Background:The search of life biomarkers preserved in the environment is key to life detection research in extra-planetary context but also highly relevant to reconstruct eco-system evolution over geological timescales on Earth. Frozen and anoxic conditions provide the best conditions for long-term preservation of life and biomolecules, and habitats such as deep ancient sediments from the Arctic are a real treasure trove of past life and its remnants. To tackle this scientific challenge requires an interdisciplinary approach, with synergies between paleogenetics, molecular biology and biophysics.

Project description: This Master project is part of ongoing research on biomarker detection for space exploration (Dr. Elsaesser, Freie Universität (FU)) and ancient DNA/microorganisms in cryo-environments (Dr. Perfumo, Alfred Wegener Institute (AWI)). Starting from a collection of DNA samples extracted from ancient frozen sediments (>700,000 years old), the main aim is to investigate its preservation over geological timescales by applying a variety of spectroscopy techniques (e.g. FTIR, Raman). DNA damage and/or repair will be also examined directly within cells of ancient microorganisms.
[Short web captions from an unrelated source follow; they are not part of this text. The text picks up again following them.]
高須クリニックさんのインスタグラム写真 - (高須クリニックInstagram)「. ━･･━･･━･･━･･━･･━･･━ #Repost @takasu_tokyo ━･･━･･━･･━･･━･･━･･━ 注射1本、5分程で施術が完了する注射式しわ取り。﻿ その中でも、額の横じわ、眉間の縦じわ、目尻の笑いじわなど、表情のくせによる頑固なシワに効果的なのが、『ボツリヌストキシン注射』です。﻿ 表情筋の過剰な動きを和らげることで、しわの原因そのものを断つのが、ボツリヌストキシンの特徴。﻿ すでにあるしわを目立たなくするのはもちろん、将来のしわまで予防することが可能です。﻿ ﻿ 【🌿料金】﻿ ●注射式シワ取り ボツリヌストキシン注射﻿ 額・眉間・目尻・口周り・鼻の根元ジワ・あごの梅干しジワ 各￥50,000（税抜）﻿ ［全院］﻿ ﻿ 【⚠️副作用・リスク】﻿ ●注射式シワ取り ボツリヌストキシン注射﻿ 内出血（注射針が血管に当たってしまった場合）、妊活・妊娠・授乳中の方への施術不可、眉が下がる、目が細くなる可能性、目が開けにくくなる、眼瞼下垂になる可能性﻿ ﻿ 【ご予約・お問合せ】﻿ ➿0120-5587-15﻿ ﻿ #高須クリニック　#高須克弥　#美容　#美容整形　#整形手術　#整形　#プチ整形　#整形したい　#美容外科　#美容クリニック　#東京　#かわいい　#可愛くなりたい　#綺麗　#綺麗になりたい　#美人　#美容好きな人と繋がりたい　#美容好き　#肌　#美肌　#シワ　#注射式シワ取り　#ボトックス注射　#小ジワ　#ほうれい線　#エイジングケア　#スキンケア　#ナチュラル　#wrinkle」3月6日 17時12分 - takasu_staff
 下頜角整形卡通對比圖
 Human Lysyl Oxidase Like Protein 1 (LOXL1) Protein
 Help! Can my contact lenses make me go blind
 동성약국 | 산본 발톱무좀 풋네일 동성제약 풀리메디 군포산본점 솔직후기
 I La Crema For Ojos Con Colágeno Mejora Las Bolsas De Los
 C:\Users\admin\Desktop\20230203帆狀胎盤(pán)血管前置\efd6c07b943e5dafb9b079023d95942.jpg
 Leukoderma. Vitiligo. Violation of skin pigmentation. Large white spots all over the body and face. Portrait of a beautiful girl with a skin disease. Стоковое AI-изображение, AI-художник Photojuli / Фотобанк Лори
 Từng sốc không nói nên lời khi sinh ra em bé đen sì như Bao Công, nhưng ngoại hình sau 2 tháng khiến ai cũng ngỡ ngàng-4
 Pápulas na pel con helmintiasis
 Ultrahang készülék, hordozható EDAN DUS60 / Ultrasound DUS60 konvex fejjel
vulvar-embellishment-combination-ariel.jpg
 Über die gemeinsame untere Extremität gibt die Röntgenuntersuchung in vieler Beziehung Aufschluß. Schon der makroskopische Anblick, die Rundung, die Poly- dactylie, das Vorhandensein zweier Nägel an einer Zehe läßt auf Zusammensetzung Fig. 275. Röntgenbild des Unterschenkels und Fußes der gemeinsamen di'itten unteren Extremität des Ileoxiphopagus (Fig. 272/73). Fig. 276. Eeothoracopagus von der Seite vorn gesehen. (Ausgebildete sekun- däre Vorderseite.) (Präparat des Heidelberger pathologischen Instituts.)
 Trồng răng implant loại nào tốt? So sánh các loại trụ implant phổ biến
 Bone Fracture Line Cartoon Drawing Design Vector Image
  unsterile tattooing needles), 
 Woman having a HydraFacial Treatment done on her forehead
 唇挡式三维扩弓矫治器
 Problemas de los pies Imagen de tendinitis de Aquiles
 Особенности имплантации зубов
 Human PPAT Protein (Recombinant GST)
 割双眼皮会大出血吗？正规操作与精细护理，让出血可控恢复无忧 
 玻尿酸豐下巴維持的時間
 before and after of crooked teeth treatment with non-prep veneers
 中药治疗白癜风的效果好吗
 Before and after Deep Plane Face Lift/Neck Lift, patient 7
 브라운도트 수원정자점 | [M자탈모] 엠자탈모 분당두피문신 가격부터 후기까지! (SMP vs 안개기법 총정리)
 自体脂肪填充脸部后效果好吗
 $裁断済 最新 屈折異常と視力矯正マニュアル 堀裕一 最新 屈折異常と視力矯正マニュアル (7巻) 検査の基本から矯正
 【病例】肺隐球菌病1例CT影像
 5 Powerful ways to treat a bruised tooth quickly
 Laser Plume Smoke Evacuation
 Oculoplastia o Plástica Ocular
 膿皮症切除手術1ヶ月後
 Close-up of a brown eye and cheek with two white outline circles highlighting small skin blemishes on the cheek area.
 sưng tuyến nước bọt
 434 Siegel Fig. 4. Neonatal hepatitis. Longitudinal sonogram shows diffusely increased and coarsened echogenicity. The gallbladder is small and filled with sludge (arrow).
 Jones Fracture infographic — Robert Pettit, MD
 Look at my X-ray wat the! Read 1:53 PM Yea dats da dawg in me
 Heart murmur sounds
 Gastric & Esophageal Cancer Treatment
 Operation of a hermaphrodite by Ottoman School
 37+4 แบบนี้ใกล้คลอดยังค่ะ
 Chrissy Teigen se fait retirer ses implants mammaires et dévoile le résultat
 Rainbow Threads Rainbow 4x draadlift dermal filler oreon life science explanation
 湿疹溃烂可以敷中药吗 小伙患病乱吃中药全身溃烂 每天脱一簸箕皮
Overall, this Master project will offer the opportunity to gain experience in the use of advanced spectroscopic techniques, learn on DNA and biomarker long-term preservation and get familiar with interdisciplinary research.

Requirements:

  • Interest in cross-field research at the interface between physics and biology
  • Knowledge of spectroscopic techniques; previous laboratory experience is desirable
  • A good mix of curiosity, enthusiasm and hard-working attitude
  • Good proficiency in spoken and written English

 

Start: November 2020 (negotiable)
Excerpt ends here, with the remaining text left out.